- ACTIVITY:
Look through the data below for the line with "Alicia Vikander" and the line with "Mercedes-Benz 300 Sd Image 2", then output those two and all lines in between, exactly as written.

- RECORDS FOR THE EXERCISE:

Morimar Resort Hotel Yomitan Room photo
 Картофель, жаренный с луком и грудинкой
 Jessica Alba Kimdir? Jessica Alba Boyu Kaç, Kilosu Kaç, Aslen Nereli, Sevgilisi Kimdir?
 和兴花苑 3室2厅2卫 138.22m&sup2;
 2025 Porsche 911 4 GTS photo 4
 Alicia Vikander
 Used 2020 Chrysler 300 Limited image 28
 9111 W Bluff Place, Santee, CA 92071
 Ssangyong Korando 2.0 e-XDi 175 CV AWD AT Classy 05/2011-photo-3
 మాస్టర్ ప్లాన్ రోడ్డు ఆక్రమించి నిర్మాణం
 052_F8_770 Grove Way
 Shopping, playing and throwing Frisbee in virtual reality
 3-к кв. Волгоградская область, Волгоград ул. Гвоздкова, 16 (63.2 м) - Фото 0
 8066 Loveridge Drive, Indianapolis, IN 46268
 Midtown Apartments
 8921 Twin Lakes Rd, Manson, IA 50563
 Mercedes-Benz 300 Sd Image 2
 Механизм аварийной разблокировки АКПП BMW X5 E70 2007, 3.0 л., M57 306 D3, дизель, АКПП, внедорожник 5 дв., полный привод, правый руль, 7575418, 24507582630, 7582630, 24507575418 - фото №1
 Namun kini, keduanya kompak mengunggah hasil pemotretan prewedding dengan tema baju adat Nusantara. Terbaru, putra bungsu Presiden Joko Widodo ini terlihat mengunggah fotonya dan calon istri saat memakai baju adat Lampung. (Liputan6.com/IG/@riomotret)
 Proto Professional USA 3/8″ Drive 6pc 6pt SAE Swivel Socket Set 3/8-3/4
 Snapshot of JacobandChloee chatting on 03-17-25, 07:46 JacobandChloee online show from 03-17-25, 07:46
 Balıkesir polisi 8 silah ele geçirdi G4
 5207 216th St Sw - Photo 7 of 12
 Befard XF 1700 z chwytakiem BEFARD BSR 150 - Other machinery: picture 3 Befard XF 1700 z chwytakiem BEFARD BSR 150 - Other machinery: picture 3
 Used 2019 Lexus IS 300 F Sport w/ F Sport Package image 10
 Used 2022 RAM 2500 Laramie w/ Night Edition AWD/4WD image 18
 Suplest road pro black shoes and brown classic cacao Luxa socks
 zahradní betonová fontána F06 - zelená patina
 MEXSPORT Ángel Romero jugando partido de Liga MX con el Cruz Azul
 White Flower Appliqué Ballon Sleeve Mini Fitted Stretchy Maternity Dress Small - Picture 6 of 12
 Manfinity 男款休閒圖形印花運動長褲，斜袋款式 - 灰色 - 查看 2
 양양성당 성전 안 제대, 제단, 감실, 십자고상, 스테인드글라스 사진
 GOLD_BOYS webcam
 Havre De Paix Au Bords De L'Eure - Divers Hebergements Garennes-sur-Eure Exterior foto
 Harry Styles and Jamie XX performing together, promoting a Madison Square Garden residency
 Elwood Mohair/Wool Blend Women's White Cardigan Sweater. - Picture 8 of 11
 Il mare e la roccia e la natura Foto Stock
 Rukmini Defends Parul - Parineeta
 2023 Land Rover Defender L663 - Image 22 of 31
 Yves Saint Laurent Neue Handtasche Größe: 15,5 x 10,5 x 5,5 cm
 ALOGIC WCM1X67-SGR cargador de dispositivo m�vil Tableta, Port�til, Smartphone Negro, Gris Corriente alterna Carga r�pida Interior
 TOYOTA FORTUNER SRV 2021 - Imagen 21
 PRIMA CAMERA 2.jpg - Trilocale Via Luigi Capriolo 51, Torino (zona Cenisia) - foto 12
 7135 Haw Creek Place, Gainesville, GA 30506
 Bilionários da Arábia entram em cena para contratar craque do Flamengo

- RESPONSE TO THE TASK:
 Alicia Vikander
 Used 2020 Chrysler 300 Limited image 28
 9111 W Bluff Place, Santee, CA 92071
 Ssangyong Korando 2.0 e-XDi 175 CV AWD AT Classy 05/2011-photo-3
 మాస్టర్ ప్లాన్ రోడ్డు ఆక్రమించి నిర్మాణం
 052_F8_770 Grove Way
 Shopping, playing and throwing Frisbee in virtual reality
 3-к кв. Волгоградская область, Волгоград ул. Гвоздкова, 16 (63.2 м) - Фото 0
 8066 Loveridge Drive, Indianapolis, IN 46268
 Midtown Apartments
 8921 Twin Lakes Rd, Manson, IA 50563
 Mercedes-Benz 300 Sd Image 2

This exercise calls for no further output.